Surprise favorite of the week... come here for sophisticated pop arrangements with healthy heaps of soul and funk deliciousness. This is apparently Prass’ second album. Excuse me while I also check out her first.

Roger Daltrey - As Long As I Have You

I admit to being pleasantly startled within the first 30 seconds of the opening cut. I almost didn’t press play. There are so many sad, lackluster releases by aging rock stars, but The Who legend Daltrey explodes out of the gate with a shockingly strong voice, sounding only slightly more weathered than his younger self. With a twinge of blues, this is extremely satisfying if you like the sound of The Who at all. 

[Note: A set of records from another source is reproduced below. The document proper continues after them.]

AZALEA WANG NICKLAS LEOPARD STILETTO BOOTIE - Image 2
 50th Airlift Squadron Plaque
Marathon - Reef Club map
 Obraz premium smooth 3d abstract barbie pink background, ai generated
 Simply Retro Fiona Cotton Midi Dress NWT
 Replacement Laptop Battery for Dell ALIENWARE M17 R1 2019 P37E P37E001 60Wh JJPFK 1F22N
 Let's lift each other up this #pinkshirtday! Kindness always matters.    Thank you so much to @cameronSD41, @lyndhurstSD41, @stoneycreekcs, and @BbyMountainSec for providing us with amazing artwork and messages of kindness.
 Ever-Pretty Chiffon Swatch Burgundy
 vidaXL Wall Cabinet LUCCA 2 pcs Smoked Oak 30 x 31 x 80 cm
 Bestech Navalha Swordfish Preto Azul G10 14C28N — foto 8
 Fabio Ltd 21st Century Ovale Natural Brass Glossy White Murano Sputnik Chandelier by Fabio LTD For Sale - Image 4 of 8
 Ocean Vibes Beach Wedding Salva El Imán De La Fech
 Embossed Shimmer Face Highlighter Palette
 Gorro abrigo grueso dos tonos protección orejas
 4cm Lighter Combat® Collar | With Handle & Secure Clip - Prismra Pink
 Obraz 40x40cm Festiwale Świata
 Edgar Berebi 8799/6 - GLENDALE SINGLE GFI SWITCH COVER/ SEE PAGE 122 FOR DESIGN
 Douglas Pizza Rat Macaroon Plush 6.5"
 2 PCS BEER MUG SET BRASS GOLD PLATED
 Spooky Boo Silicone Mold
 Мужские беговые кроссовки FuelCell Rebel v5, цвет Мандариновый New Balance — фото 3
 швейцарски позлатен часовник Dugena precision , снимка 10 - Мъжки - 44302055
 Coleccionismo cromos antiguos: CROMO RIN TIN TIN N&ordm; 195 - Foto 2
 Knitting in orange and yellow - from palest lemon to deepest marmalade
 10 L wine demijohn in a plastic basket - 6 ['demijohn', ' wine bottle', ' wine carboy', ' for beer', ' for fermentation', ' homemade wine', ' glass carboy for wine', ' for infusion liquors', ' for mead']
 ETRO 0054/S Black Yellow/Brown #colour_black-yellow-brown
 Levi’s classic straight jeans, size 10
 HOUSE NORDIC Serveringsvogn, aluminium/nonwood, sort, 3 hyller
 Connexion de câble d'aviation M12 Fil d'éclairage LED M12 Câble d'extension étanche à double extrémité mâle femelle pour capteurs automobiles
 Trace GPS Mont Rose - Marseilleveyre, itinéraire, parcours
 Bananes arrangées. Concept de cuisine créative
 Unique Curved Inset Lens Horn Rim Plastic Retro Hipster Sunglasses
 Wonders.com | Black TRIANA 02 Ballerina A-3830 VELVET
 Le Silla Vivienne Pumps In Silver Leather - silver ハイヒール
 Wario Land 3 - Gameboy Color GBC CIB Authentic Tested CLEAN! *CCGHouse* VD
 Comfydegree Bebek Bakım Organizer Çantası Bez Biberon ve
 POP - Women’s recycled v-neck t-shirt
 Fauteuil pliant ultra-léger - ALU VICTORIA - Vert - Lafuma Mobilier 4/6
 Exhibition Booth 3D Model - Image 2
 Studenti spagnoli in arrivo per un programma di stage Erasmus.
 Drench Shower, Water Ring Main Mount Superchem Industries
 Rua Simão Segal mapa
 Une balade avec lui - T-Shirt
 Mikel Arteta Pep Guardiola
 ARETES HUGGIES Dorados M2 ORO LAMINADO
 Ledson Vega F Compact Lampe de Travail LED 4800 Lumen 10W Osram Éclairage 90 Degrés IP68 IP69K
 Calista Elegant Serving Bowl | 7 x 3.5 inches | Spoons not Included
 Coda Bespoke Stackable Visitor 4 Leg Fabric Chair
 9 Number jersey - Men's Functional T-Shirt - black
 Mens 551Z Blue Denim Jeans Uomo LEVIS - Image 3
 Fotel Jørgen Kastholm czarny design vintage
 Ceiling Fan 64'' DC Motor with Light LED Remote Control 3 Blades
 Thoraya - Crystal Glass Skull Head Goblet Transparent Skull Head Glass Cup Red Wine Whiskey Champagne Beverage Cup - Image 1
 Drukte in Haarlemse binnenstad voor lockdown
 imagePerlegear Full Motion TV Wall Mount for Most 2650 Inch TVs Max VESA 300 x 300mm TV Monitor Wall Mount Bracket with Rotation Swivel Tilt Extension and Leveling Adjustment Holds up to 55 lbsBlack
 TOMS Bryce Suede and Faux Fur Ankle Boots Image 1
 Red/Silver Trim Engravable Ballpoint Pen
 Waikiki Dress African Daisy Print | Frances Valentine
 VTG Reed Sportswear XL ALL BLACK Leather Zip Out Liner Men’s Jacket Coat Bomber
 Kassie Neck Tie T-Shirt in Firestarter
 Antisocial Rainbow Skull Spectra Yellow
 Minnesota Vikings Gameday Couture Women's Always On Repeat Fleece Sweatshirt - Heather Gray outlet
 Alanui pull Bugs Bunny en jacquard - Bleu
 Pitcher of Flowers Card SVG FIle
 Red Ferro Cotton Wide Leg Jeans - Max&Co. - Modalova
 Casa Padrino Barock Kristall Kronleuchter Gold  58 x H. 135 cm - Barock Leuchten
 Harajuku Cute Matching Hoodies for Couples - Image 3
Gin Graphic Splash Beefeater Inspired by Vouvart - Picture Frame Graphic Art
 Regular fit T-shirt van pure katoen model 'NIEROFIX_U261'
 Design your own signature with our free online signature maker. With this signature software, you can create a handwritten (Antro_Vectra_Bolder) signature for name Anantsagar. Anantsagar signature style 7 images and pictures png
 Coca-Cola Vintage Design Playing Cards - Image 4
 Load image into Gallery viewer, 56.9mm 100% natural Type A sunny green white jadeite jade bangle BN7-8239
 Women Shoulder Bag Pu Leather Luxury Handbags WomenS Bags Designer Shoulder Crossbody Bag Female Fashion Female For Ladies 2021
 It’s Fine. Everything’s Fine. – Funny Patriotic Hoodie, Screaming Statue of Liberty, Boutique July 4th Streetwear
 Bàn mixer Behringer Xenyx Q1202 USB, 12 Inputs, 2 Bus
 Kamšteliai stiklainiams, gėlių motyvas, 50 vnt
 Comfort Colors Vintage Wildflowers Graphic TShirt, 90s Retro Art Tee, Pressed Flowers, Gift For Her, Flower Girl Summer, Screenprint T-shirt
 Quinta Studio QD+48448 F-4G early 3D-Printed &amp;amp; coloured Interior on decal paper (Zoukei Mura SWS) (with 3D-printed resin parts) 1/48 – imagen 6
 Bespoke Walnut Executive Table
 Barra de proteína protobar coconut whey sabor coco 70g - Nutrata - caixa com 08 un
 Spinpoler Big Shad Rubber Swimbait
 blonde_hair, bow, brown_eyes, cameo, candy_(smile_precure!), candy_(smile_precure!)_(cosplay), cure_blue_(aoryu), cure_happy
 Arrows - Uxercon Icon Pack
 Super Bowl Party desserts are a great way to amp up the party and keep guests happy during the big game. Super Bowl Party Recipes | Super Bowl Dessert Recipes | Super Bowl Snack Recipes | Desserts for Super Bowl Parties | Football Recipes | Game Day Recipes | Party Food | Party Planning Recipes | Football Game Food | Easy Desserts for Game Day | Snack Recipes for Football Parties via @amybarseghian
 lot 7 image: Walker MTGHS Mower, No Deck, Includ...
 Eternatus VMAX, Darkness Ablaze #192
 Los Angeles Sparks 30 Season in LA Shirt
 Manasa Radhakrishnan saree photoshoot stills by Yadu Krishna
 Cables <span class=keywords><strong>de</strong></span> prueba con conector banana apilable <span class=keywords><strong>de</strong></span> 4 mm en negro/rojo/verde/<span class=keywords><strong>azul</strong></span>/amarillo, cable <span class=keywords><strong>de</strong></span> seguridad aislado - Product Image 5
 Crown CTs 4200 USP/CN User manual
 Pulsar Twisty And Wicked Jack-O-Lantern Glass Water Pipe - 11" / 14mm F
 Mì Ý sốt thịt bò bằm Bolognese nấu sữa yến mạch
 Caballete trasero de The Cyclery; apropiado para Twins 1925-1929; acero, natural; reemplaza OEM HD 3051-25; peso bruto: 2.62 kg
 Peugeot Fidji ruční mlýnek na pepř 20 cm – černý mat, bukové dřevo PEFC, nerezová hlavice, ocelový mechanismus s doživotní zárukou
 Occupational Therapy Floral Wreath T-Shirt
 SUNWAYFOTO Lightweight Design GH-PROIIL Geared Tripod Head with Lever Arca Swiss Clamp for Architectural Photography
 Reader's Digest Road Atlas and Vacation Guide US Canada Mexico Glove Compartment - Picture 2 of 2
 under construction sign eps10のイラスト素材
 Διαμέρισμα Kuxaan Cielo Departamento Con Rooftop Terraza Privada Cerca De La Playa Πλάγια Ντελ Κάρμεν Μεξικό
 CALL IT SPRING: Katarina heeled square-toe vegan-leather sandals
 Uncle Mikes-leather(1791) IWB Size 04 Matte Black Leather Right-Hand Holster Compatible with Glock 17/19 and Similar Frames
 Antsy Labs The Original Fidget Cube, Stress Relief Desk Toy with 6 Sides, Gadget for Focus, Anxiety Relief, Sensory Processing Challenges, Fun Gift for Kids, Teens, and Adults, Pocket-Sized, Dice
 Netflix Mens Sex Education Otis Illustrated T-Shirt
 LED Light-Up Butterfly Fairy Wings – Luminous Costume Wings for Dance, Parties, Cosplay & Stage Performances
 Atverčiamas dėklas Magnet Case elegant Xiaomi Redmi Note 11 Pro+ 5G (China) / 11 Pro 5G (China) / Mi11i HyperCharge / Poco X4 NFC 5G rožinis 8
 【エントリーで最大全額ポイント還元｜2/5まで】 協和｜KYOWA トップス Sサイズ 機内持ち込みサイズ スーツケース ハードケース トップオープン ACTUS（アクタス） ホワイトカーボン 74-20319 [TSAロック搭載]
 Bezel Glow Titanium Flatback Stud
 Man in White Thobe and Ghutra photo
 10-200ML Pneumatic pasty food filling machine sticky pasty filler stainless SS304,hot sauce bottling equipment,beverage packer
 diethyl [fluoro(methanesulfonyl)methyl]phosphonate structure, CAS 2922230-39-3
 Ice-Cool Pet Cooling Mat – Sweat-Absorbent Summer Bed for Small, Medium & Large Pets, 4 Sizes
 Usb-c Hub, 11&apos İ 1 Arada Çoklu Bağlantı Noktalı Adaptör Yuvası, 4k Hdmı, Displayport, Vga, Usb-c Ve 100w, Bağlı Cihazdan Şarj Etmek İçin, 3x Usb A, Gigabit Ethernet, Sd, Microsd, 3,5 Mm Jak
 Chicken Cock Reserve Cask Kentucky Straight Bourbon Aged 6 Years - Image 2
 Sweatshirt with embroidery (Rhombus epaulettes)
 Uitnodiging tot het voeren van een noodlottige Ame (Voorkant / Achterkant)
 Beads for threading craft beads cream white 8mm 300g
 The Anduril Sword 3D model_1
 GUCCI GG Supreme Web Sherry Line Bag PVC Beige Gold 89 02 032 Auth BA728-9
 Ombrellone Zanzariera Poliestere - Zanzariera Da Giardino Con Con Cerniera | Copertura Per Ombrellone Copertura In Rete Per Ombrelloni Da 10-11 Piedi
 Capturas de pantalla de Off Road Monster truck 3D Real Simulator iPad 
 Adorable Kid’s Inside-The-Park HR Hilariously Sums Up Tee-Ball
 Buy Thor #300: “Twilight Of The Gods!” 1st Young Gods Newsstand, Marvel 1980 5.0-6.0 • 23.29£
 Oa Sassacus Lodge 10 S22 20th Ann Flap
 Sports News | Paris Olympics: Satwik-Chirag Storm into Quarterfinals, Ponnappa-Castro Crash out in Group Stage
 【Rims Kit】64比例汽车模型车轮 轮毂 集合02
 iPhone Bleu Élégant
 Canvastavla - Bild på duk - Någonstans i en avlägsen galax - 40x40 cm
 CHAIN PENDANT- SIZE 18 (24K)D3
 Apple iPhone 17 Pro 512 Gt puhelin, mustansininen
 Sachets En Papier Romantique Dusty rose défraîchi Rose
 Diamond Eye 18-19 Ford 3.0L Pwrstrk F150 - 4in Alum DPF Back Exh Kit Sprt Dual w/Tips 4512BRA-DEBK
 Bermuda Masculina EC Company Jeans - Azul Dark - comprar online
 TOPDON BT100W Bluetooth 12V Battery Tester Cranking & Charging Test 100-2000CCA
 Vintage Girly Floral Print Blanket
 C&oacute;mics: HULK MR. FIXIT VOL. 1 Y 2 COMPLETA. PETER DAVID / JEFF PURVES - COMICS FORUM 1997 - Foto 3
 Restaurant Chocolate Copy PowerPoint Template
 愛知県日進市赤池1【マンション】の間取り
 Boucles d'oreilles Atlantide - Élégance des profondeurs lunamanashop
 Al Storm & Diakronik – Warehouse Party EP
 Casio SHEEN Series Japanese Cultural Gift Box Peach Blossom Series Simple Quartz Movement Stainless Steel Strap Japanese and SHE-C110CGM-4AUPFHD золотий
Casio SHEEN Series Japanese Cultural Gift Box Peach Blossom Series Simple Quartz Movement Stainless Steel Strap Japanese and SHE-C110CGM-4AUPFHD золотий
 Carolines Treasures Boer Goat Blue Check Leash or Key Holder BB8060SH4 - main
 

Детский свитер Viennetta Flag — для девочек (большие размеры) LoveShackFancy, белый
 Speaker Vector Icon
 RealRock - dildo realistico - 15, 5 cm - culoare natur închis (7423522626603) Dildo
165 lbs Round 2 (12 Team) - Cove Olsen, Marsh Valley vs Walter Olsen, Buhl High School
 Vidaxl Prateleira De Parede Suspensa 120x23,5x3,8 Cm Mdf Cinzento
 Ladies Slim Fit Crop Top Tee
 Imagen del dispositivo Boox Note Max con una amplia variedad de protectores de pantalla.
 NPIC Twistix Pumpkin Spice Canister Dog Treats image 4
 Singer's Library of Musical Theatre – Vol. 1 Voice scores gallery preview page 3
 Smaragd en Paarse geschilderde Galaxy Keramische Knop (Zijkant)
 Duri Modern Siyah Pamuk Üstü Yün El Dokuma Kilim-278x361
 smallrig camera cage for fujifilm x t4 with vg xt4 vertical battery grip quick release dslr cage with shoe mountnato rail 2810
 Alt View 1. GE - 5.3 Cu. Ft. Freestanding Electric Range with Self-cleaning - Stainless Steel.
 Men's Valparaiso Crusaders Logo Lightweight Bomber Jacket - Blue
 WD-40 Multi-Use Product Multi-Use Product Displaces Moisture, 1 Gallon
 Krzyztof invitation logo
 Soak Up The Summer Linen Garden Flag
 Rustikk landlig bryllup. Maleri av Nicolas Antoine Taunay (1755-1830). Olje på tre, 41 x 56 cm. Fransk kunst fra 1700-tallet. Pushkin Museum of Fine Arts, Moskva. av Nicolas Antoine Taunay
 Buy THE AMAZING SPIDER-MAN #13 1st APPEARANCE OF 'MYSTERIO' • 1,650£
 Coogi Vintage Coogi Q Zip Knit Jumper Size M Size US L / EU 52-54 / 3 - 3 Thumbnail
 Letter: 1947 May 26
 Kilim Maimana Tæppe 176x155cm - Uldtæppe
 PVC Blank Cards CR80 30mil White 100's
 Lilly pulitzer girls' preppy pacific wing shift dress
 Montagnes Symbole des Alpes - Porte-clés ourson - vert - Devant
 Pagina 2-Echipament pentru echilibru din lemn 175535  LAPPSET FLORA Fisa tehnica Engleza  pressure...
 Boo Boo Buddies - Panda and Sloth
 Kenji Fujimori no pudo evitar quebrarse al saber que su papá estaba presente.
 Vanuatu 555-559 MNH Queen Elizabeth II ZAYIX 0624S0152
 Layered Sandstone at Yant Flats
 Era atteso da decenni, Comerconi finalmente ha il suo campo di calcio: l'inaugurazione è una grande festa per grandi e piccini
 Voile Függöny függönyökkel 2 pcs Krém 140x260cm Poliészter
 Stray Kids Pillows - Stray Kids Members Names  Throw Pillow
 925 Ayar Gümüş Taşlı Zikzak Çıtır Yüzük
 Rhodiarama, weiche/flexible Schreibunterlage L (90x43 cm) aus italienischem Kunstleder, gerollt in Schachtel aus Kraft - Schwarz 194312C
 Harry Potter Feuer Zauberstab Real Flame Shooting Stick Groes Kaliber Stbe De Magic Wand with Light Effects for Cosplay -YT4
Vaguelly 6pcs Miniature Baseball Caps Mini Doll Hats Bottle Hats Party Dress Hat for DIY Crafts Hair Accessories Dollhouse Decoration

Paul Simon - Graceland - The Remixes

What happens when you drag the pieces of a classic album into modern electronic production? You’re reminded of how little substance goes into making dance tracks. Perhaps it satisfies a curiosity, at the very least. I went into this with an open mind, excited to hear people create new great art out of classic great art. There’s just so little point to a groove without even a dash of soul. Maybe dance music is your thing...maybe you can explain why I should like this more than the original. 


This is a collaboration between Laura Marling and Mike Lindsay. I’m less familiar with Lindsay, but Marling is a fantastic, prolific British folk singer/songwriter. This project is incredibly artsy, combining Marling’s folk leanings with chamber music elements and lots of electronics. I’m here for it.

Phil Cook - People are my Drug

A roosty, soulful release from Cook, who sounds occasionally like Van Morrison and a bit like Ben Harper or half-a-dozen other guys who sound like Ben Harper. Which sounds more dismissive than I mean it. This is pleasant music.

Oneohtrix Point Never - Age Of

In the try something completely weird and wild category, you will find this release. It’s a unique mixture of styles, genres, and time periods all smashed into a synthesizer. The track below is a little farther inside the box than some of the other tracks, but have a visit here for your artsy, experimental side.

Maps & Atlases - LIghtlessness is Nothing New

Maps & Atlases began in the mid-2000s like so many others, with that experimental, folk-pop kind of influence. Much of the folk has been abandoned for this release, and what’s left is some satisfying pop music.